If he does win, then the post of speaker of the Tbilisi local parliament, the Sakrebulo, will be held by Sozar Subari, the former national human rights champion who left his post in August and joined the opposition to the president.



Levan Ganchiladze, who stood against Saakashvili in the last presidential elections, has also suggested he could stand, but only if he has support from a wide spectrum of opinion.



“I will take part in the mayoral elections only if there is a joint decision by the opposition, popular support and a guarantee that we can take Tbilisi from Saakashvili,” he said.



Although local elections will take place all over Georgia, politicians are currently focusing mainly on the capital, since it is the centre of power in the country.



“The political processes in Tbilisi, the mayor and the Sakrebulo, are more influential than all the other local government organs in the country put together. We need the post of mayor of Tbilisi as a tribune for intensifying the fight,” David Gamkrelidze, one of the leaders of the Alliance for Georgia, told IWPR.



It is not clear, however, how the opposition would choose a single candidate, with suggestions of primaries on the American model having failed to reach universal acceptance. Such a system has the support of the Conservative Party’s head, Zviad Dzidziguri, who says the previous failure of the opposition to unite behind one figure has been disastrous.



“We did not show sufficient unity to replace the Saakashvili regime and gain new elections. We think that a primary’s results could provide a single opposition leader. This would allow us to fight more effectively,” he said.

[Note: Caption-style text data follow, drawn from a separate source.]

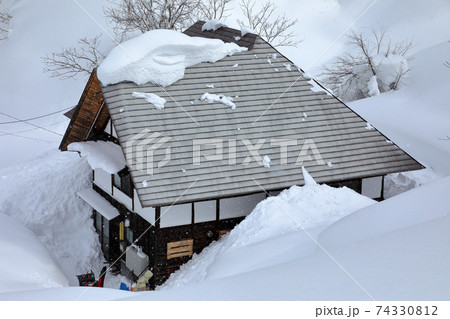厳冬の雪に埋まる曲り家　福島県只見町 74330812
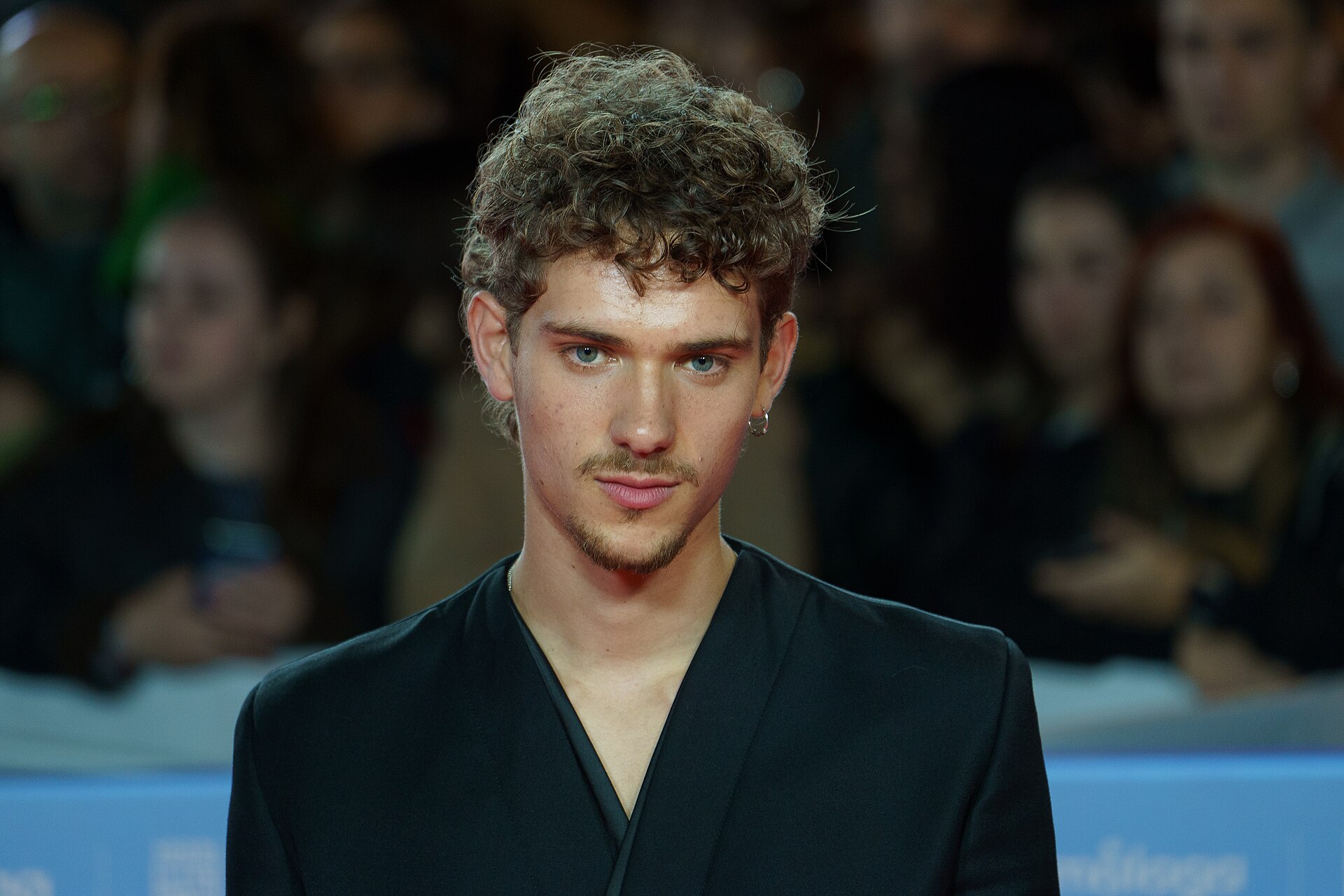 Hugo Welzel at the Red Carpet of the Malaga 2025 Festival next to Cervantes Theater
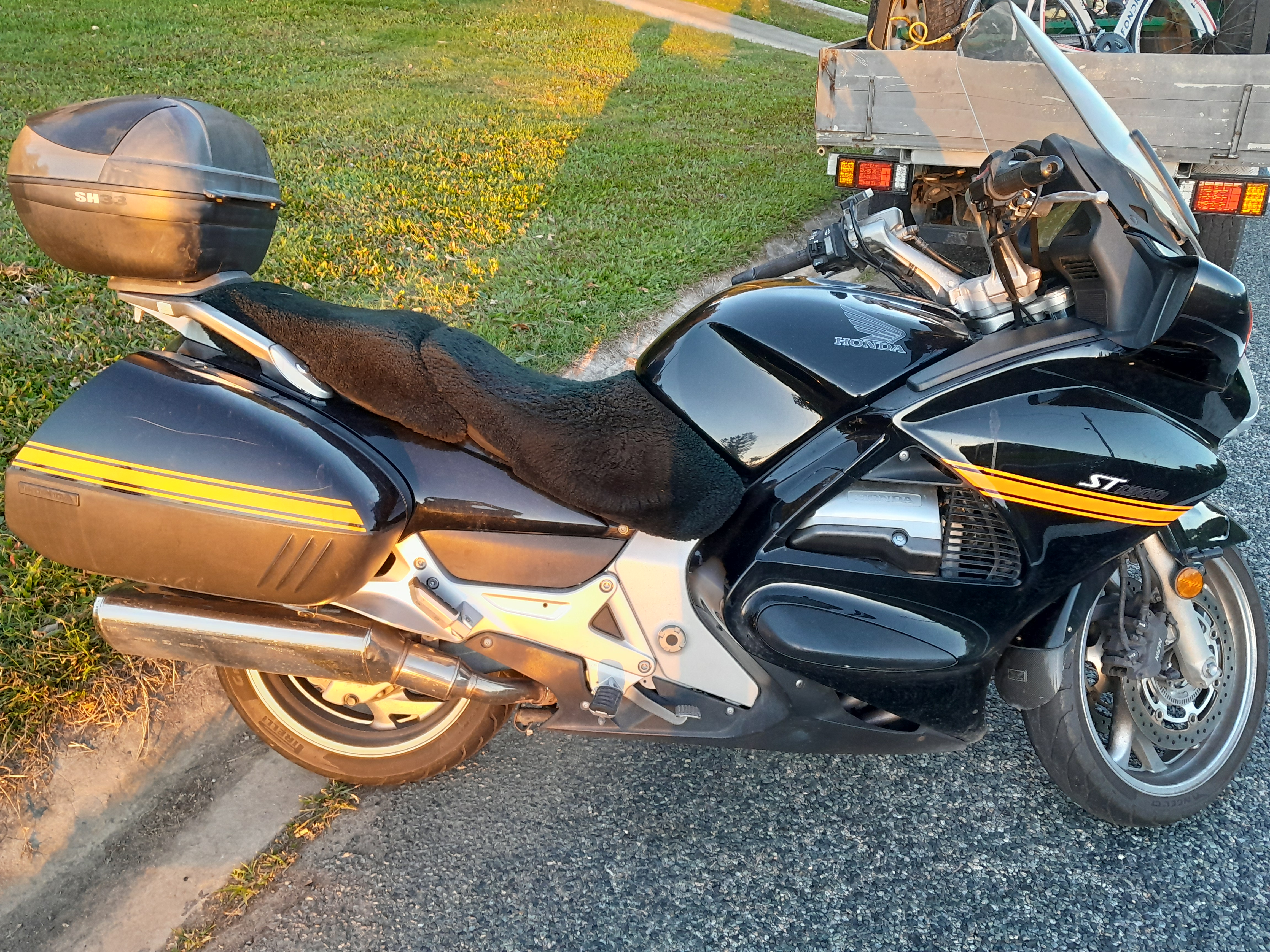 2011 HONDA ST1300A ROAD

But his opposition colleagues were not keen on the idea.



“Why do we need primaries? I think recent events have shown once again that the main opposition force in the country is the Labour Party, and the opposition’s leader is its chairman Shalva Natelashvili,” said Giorgi Gugava, a representative of the Labour Party, one of the bewildering number of groups that oppose Saakashvili.



The ruling National Movement party has not announced its candidate for the mayoral post yet, though it appears likely that current mayor Gigi Ugalava will seek to keep his place.



The opposition is not the only political force to increase its activities. Officials have been regularly shown on the main television channels – which are all under government influence or control – visiting remote regions and meeting with local people.



The visits are part of a so-called Dialogue with the People programme created by Saakashvili, and closely resemble the kinds of trips that are a major feature of the pre-election campaigning – although officials deny there is anything unusual about them.



“The Dialogue with the People aims to explain to the people what we have done and to listen to their opinion on the next steps to take. This dialogue does not mean we are preparing for elections,” said Giorgi Gabashvili, chairman of the parliamentary committee for education, science and culture.



But Georgia’s weary voters are not impressed, and look on all the politicians’ activities with deep cynicism.



“Both the authorities and the opposition have no connection to ordinary people. They only remember us before elections, and start to give out help, and so on. I just wish these elections were more frequent,” said Nugzar Khizaanishvili, a 51-year-old farmer from Gurjaani.



Anna Kandelaki is a freelance journalist in Tbilisi.